#### TASK OBJECTIVE
Return every record verbatim, omitting all pictures.

--- GIVEN DATA Enclosed Below ---

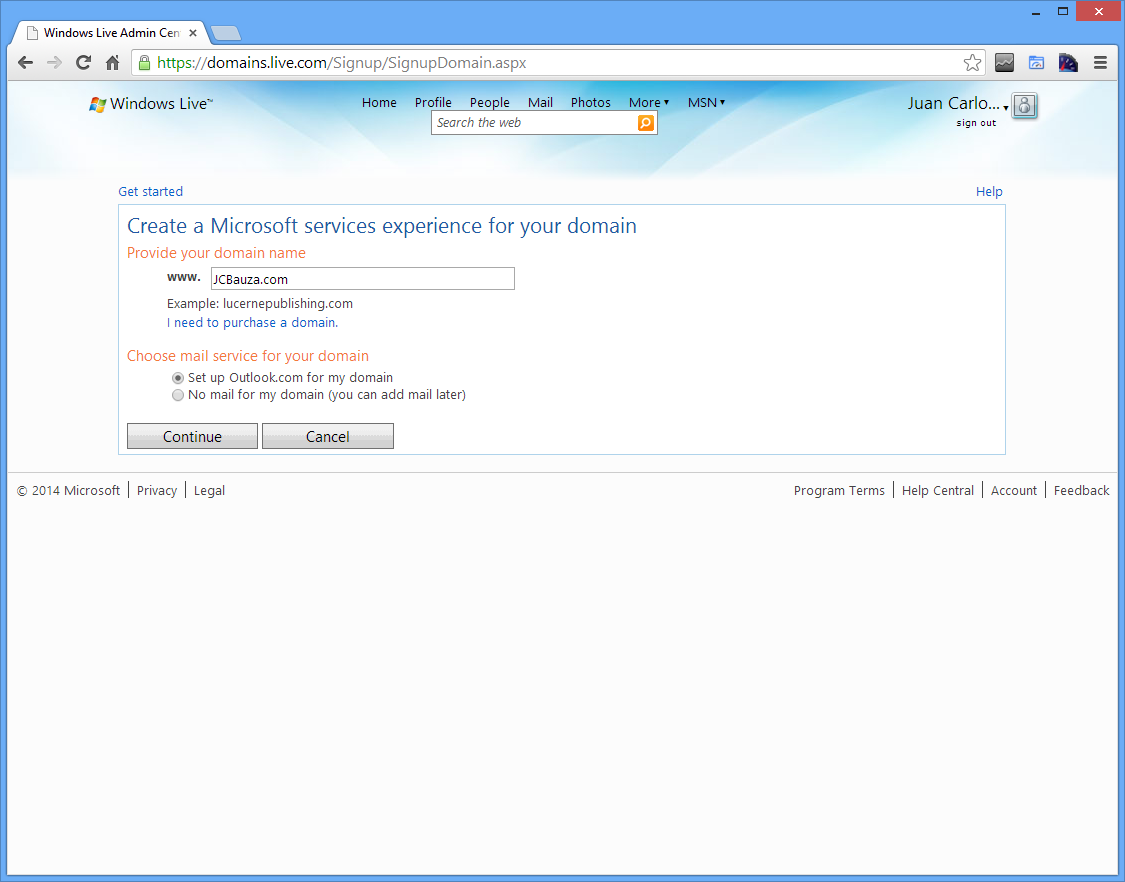 Kx.CloudIngenium.com - How to Use your own Domain name with Outlook.com as the backend - Provide your domain name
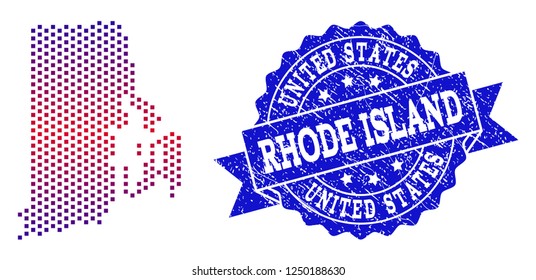 Geographic combination of dotted map of Rhode Island State and grunge stamp. Mosaic vector map of Rhode Island State composed with square dots and gradient from blue to red color.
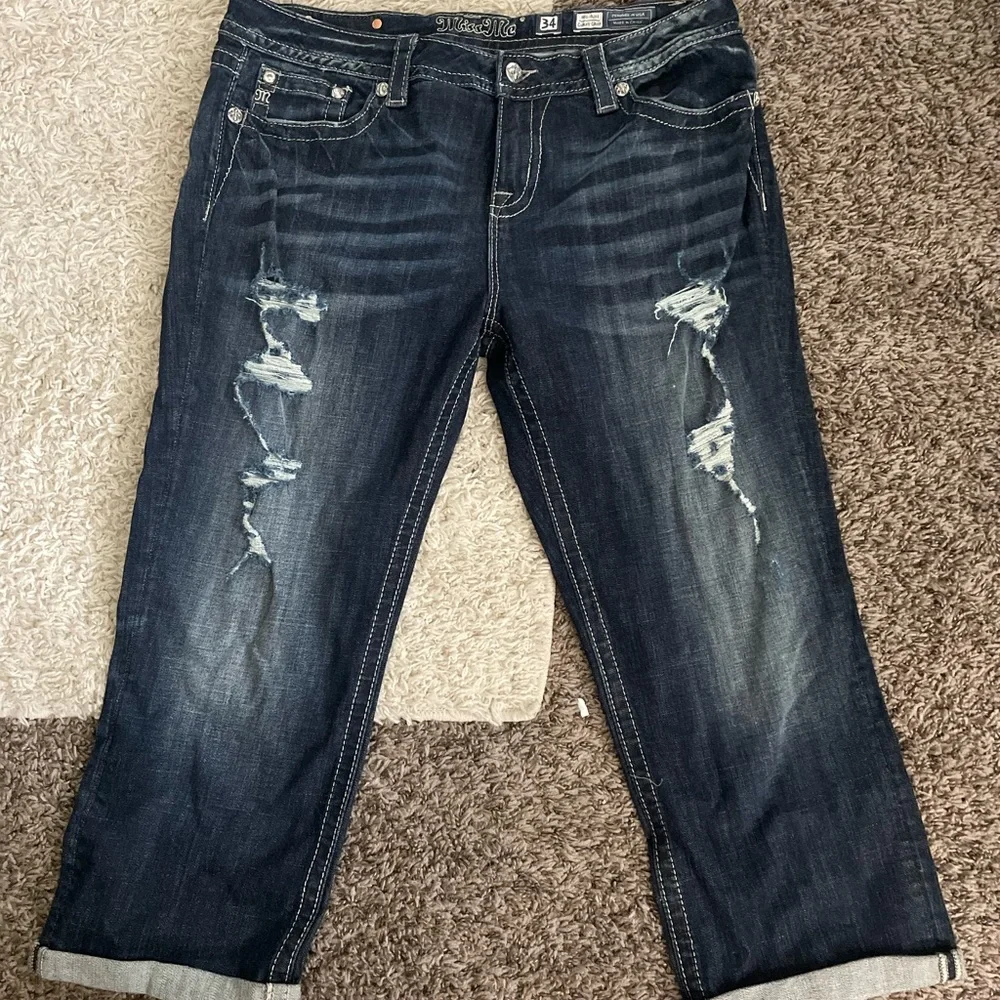 Miss Me Ankle Jeans with Classic Dark Wash Sz 34 mid rise cropped stretchy sz 34 - Picture 6 of 12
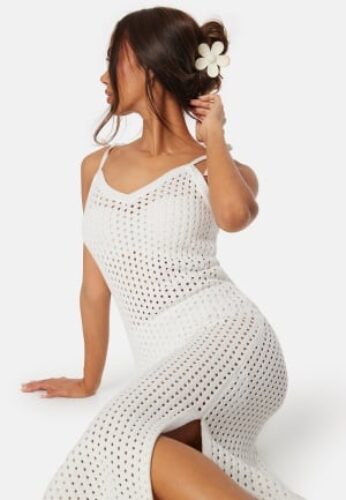 BUBBLEROOM Crochet Knitted Tie Strap Dress Offwhite XS – 7333340299937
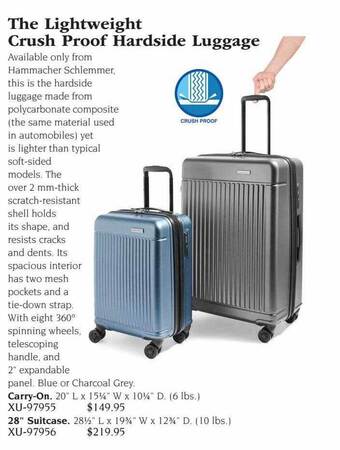 Hammacher Schlemmer The lightweight crush proof hardside luggage offer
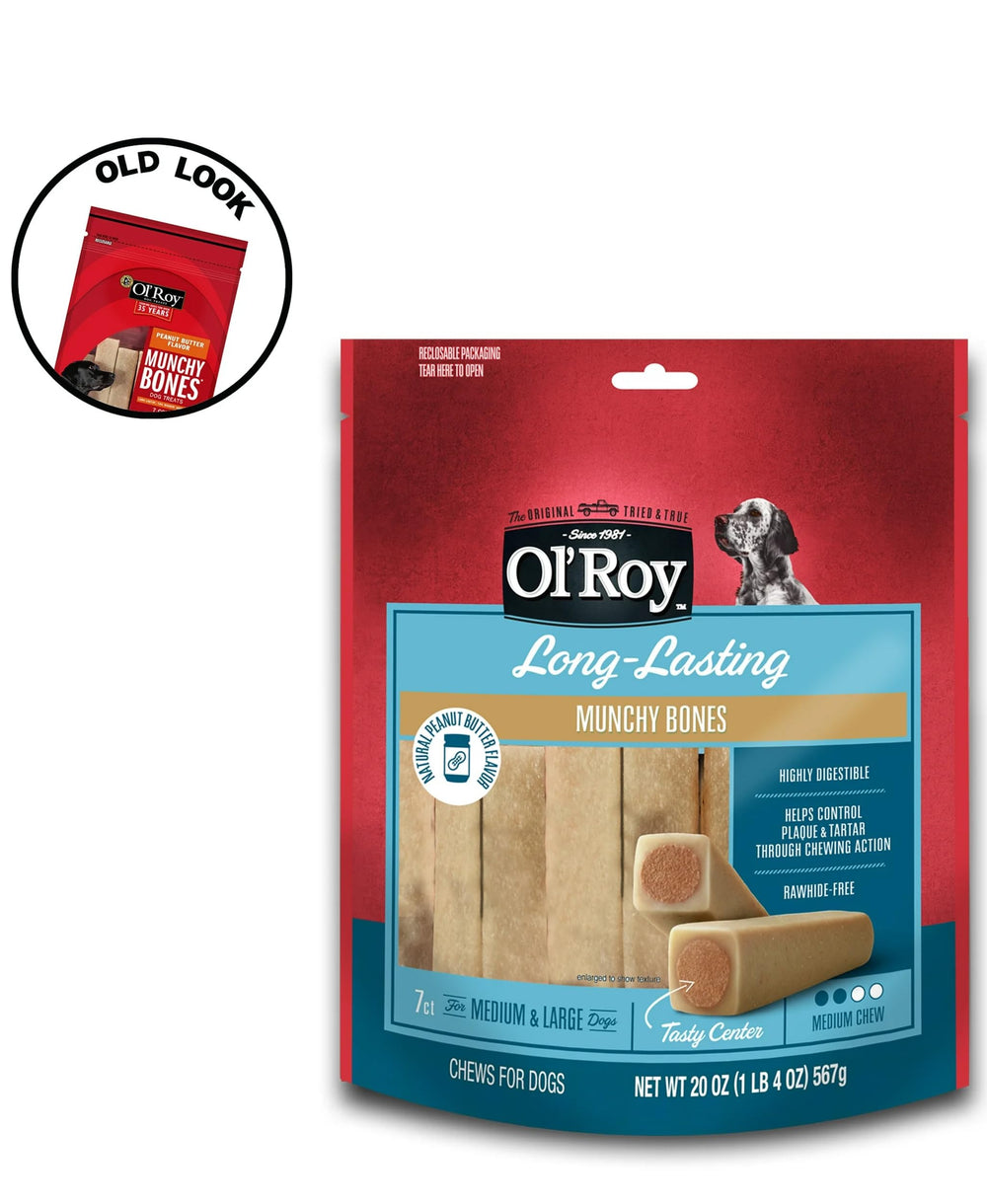 Long-Lasting Munchy Bones for Dogs 20 oz bag with resealable freshness.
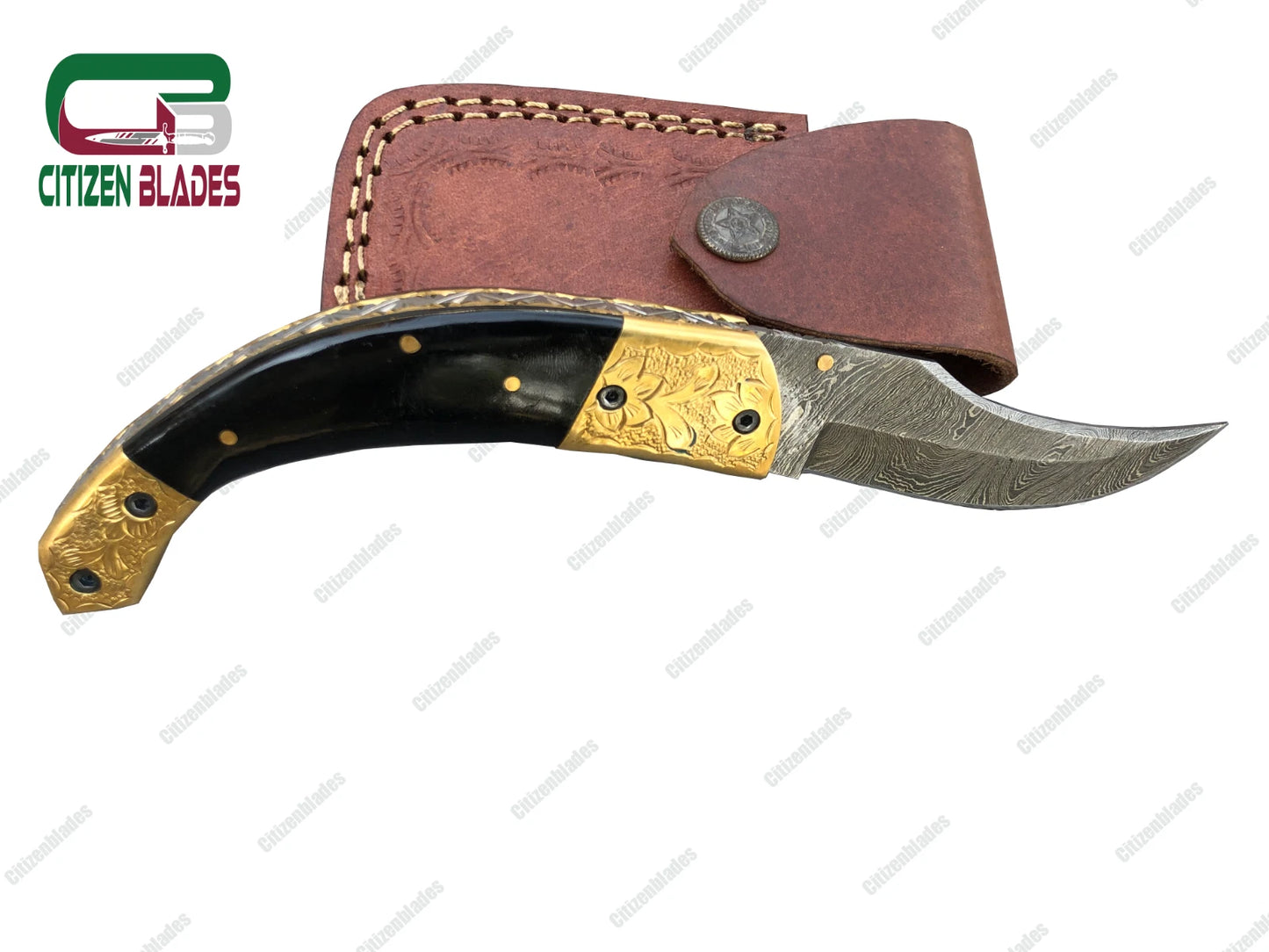 Handmade Damascus Folding Pocket Knife With Small Defects 6.5"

--- End of Enclosed GIVEN DATA ---

#### RESULT BELOW
 Kx.CloudIngenium.com - How to Use your own Domain name with Outlook.com as the backend - Provide your domain name
 Geographic combination of dotted map of Rhode Island State and grunge stamp. Mosaic vector map of Rhode Island State composed with square dots and gradient from blue to red color.
 Miss Me Ankle Jeans with Classic Dark Wash Sz 34 mid rise cropped stretchy sz 34 - Picture 6 of 12
 BUBBLEROOM Crochet Knitted Tie Strap Dress Offwhite XS – 7333340299937
 Hammacher Schlemmer The lightweight crush proof hardside luggage offer
 Long-Lasting Munchy Bones for Dogs 20 oz bag with resealable freshness.
 Handmade Damascus Folding Pocket Knife With Small Defects 6.5"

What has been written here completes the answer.